I spent the day outdoors, helping my father-in-law clean out his woodshop, ridding it of all the old scrap wood. After unloading it all, we sat on their porch in a pair of amish adirondack chairs, sipping root beer and watching the bees working to get all the remaining goodness from my mother-in-law’s garden before it dies off.  I sat there, in the sunlight, just chatting away with him. Not about anything specific. Just resting and watching the world go by.

There is a lot of data in what happened to me today. I could sit, tell you all about it, go look up the exact weather, the barometric pressure, all the dry details. It would be factually true, and yet it would miss something. The soul of it would be gone. The thing that makes it an experience, and not just a recording, would be missing.

One of the comments I got from last week’s essay was from Matt Wilson. He said:

I grow vegetables in a small plot in my backyard for a lot of the same reasons. After work, getting my fingers dirty by doing some weeding reintroduces me to the real world.

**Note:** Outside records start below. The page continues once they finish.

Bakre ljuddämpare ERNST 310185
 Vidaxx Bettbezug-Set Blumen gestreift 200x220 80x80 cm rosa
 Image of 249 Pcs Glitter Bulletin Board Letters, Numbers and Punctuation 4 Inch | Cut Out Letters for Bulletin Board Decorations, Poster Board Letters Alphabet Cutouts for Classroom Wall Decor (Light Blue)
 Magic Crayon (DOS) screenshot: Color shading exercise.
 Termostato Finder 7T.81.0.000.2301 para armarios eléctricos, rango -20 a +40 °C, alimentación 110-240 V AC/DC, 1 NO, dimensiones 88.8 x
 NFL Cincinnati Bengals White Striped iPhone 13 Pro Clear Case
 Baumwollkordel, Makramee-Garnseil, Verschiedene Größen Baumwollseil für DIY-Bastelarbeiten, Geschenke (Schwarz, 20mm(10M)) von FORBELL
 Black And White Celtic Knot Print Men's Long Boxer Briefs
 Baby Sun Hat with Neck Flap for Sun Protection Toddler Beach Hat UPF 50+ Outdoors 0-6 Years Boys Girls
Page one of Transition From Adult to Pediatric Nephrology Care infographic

I started to think about that phrase, The Real World.  It’s not the first time I’ve heard a person use it when separating their offline activities from their online activities.  I find it curious because so many of us spend so much time online these days. We enjoy it, revel in the information, the connectedness, the geekiness of some things, the banality of others. We swim through streams of data all day long. Email, podcasts, RSS, Twitter, Facebook, YouTube.

And yet, how many of us feel that, for all the glory that is the data, there is something missing?  That it’s all virtual, that it’s removed from The Real World, somehow?

Curious.

How does this thinking affect basic human relationships?  I know, for my part, that I have met a great many people online, yet the ones I am closest to I go out of my way to seek out in a more sensory, or Real, manner. Phone calls, meeting at cons, meeting for lunch, etc. While, intellectually, I know the reailty of all the people out there, unless I make a connection with them beyond the bits and bytes, it is hard to cultivate a friendship with them. It can be a simple as a Skype call in real-time (there’s that word, REAL, again), but that small thing gives me something to relate to that email or chat or Twitter will never provide.

So, dear reader, I am curious to hear your side of things. Do you draw the distinction between the real world and virtual space?  How does it affect your relationships, your interactions, your daily routine? If you were to shut off the computer, how many of those relationships would survive, and why?